**MATERIAL SHOWN:**
Segment Open

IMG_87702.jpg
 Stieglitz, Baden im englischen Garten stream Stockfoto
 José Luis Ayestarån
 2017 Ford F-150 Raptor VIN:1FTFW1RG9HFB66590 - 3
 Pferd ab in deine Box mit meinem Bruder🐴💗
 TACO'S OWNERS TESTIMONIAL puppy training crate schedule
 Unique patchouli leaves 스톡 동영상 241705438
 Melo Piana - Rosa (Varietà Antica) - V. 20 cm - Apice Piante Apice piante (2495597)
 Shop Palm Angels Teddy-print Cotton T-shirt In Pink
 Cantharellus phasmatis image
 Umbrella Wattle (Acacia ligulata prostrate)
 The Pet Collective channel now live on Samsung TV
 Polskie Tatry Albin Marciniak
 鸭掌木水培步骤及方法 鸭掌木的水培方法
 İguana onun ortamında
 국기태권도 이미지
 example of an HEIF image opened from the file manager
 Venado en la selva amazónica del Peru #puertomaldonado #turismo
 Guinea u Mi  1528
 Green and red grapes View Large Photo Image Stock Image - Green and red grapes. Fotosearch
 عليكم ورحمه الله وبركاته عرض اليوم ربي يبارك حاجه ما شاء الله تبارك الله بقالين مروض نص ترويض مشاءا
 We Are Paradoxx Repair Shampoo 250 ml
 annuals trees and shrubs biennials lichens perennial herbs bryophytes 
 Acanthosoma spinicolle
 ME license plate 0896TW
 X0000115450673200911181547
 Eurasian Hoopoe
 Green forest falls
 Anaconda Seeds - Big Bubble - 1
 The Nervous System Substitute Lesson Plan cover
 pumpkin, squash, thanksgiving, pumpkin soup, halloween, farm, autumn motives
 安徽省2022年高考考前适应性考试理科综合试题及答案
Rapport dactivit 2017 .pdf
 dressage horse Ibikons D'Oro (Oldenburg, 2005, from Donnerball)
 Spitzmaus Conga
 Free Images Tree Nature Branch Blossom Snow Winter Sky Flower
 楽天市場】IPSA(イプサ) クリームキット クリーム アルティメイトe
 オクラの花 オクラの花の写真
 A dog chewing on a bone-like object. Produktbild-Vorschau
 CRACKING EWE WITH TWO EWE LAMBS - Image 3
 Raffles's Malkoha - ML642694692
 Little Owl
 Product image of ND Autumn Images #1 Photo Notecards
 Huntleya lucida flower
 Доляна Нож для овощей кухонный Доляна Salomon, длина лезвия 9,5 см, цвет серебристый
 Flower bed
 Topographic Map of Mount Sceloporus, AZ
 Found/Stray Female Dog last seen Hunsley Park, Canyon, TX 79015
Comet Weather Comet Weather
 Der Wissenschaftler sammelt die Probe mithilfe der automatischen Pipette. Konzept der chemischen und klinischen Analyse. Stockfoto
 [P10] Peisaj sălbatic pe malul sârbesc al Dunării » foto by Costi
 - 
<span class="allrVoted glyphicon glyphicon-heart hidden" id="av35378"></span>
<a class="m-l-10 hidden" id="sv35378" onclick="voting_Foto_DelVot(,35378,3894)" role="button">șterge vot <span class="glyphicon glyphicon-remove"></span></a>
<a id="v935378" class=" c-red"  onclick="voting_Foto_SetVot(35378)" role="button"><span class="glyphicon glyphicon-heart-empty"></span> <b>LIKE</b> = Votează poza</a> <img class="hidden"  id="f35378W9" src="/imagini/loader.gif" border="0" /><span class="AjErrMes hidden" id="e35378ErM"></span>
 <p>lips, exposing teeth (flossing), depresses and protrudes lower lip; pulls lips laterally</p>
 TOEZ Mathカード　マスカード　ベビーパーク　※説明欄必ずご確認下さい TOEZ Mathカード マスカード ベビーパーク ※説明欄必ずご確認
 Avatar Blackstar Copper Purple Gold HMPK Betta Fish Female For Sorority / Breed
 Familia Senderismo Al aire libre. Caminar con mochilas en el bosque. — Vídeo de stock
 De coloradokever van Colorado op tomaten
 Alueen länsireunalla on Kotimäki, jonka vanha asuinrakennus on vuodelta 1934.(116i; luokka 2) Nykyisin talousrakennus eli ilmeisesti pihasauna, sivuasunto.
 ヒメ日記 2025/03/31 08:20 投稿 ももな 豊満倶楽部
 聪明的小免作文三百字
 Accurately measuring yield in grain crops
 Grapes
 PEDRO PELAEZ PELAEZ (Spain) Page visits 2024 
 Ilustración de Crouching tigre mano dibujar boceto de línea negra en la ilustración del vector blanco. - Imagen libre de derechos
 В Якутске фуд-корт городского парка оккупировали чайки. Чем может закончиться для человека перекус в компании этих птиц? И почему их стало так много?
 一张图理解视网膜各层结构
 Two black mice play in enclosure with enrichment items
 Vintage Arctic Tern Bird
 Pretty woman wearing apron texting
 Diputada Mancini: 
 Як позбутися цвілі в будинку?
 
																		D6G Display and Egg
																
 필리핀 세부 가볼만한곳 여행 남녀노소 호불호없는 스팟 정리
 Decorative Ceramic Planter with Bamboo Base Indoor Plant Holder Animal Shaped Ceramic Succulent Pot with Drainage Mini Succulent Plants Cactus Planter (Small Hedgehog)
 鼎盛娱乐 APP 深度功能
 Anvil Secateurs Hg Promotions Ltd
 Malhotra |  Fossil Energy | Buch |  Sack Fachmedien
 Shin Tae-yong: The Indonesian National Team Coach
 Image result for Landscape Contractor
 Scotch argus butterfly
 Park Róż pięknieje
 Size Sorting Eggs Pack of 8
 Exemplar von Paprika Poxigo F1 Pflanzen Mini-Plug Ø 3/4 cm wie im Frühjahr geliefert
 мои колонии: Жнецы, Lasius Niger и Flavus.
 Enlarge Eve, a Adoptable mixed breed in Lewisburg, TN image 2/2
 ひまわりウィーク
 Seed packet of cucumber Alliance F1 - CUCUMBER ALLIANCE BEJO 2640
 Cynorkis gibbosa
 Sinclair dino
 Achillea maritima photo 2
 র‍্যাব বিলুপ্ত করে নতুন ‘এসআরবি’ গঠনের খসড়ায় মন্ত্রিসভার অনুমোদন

Segment Closed

**WORK INSTRUCTION:** Using the entries above, please restate each one word for word.

**RESULT OF THIS EXERCISE:**
IMG_87702.jpg
 Stieglitz, Baden im englischen Garten stream Stockfoto
 José Luis Ayestarån
 2017 Ford F-150 Raptor VIN:1FTFW1RG9HFB66590 - 3
 Pferd ab in deine Box mit meinem Bruder🐴💗
 TACO'S OWNERS TESTIMONIAL puppy training crate schedule
 Unique patchouli leaves 스톡 동영상 241705438
 Melo Piana - Rosa (Varietà Antica) - V. 20 cm - Apice Piante Apice piante (2495597)
 Shop Palm Angels Teddy-print Cotton T-shirt In Pink
 Cantharellus phasmatis image
 Umbrella Wattle (Acacia ligulata prostrate)
 The Pet Collective channel now live on Samsung TV
 Polskie Tatry Albin Marciniak
 鸭掌木水培步骤及方法 鸭掌木的水培方法
 İguana onun ortamında
 국기태권도 이미지
 example of an HEIF image opened from the file manager
 Venado en la selva amazónica del Peru #puertomaldonado #turismo
 Guinea u Mi  1528
 Green and red grapes View Large Photo Image Stock Image - Green and red grapes. Fotosearch
 عليكم ورحمه الله وبركاته عرض اليوم ربي يبارك حاجه ما شاء الله تبارك الله بقالين مروض نص ترويض مشاءا
 We Are Paradoxx Repair Shampoo 250 ml
 annuals trees and shrubs biennials lichens perennial herbs bryophytes 
 Acanthosoma spinicolle
 ME license plate 0896TW
 X0000115450673200911181547
 Eurasian Hoopoe
 Green forest falls
 Anaconda Seeds - Big Bubble - 1
 The Nervous System Substitute Lesson Plan cover
 pumpkin, squash, thanksgiving, pumpkin soup, halloween, farm, autumn motives
 安徽省2022年高考考前适应性考试理科综合试题及答案
Rapport dactivit 2017 .pdf
 dressage horse Ibikons D'Oro (Oldenburg, 2005, from Donnerball)
 Spitzmaus Conga
 Free Images Tree Nature Branch Blossom Snow Winter Sky Flower
 楽天市場】IPSA(イプサ) クリームキット クリーム アルティメイトe
 オクラの花 オクラの花の写真
 A dog chewing on a bone-like object. Produktbild-Vorschau
 CRACKING EWE WITH TWO EWE LAMBS - Image 3
 Raffles's Malkoha - ML642694692
 Little Owl
 Product image of ND Autumn Images #1 Photo Notecards
 Huntleya lucida flower
 Доляна Нож для овощей кухонный Доляна Salomon, длина лезвия 9,5 см, цвет серебристый
 Flower bed
 Topographic Map of Mount Sceloporus, AZ
 Found/Stray Female Dog last seen Hunsley Park, Canyon, TX 79015
Comet Weather Comet Weather
 Der Wissenschaftler sammelt die Probe mithilfe der automatischen Pipette. Konzept der chemischen und klinischen Analyse. Stockfoto
 [P10] Peisaj sălbatic pe malul sârbesc al Dunării » foto by Costi
 - 
<span class="allrVoted glyphicon glyphicon-heart hidden" id="av35378"></span>
<a class="m-l-10 hidden" id="sv35378" onclick="voting_Foto_DelVot(,35378,3894)" role="button">șterge vot <span class="glyphicon glyphicon-remove"></span></a>
<a id="v935378" class=" c-red"  onclick="voting_Foto_SetVot(35378)" role="button"><span class="glyphicon glyphicon-heart-empty"></span> <b>LIKE</b> = Votează poza</a> <img class="hidden"  id="f35378W9" src="/imagini/loader.gif" border="0" /><span class="AjErrMes hidden" id="e35378ErM"></span>
 <p>lips, exposing teeth (flossing), depresses and protrudes lower lip; pulls lips laterally</p>
 TOEZ Mathカード　マスカード　ベビーパーク　※説明欄必ずご確認下さい TOEZ Mathカード マスカード ベビーパーク ※説明欄必ずご確認
 Avatar Blackstar Copper Purple Gold HMPK Betta Fish Female For Sorority / Breed
 Familia Senderismo Al aire libre. Caminar con mochilas en el bosque. — Vídeo de stock
 De coloradokever van Colorado op tomaten
 Alueen länsireunalla on Kotimäki, jonka vanha asuinrakennus on vuodelta 1934.(116i; luokka 2) Nykyisin talousrakennus eli ilmeisesti pihasauna, sivuasunto.
 ヒメ日記 2025/03/31 08:20 投稿 ももな 豊満倶楽部
 聪明的小免作文三百字
 Accurately measuring yield in grain crops
 Grapes
 PEDRO PELAEZ PELAEZ (Spain) Page visits 2024 
 Ilustración de Crouching tigre mano dibujar boceto de línea negra en la ilustración del vector blanco. - Imagen libre de derechos
 В Якутске фуд-корт городского парка оккупировали чайки. Чем может закончиться для человека перекус в компании этих птиц? И почему их стало так много?
 一张图理解视网膜各层结构
 Two black mice play in enclosure with enrichment items
 Vintage Arctic Tern Bird
 Pretty woman wearing apron texting
 Diputada Mancini: 
 Як позбутися цвілі в будинку?
 
																		D6G Display and Egg
																
 필리핀 세부 가볼만한곳 여행 남녀노소 호불호없는 스팟 정리
 Decorative Ceramic Planter with Bamboo Base Indoor Plant Holder Animal Shaped Ceramic Succulent Pot with Drainage Mini Succulent Plants Cactus Planter (Small Hedgehog)
 鼎盛娱乐 APP 深度功能
 Anvil Secateurs Hg Promotions Ltd
 Malhotra |  Fossil Energy | Buch |  Sack Fachmedien
 Shin Tae-yong: The Indonesian National Team Coach
 Image result for Landscape Contractor
 Scotch argus butterfly
 Park Róż pięknieje
 Size Sorting Eggs Pack of 8
 Exemplar von Paprika Poxigo F1 Pflanzen Mini-Plug Ø 3/4 cm wie im Frühjahr geliefert
 мои колонии: Жнецы, Lasius Niger и Flavus.
 Enlarge Eve, a Adoptable mixed breed in Lewisburg, TN image 2/2
 ひまわりウィーク
 Seed packet of cucumber Alliance F1 - CUCUMBER ALLIANCE BEJO 2640
 Cynorkis gibbosa
 Sinclair dino
 Achillea maritima photo 2
 র‍্যাব বিলুপ্ত করে নতুন ‘এসআরবি’ গঠনের খসড়ায় মন্ত্রিসভার অনুমোদন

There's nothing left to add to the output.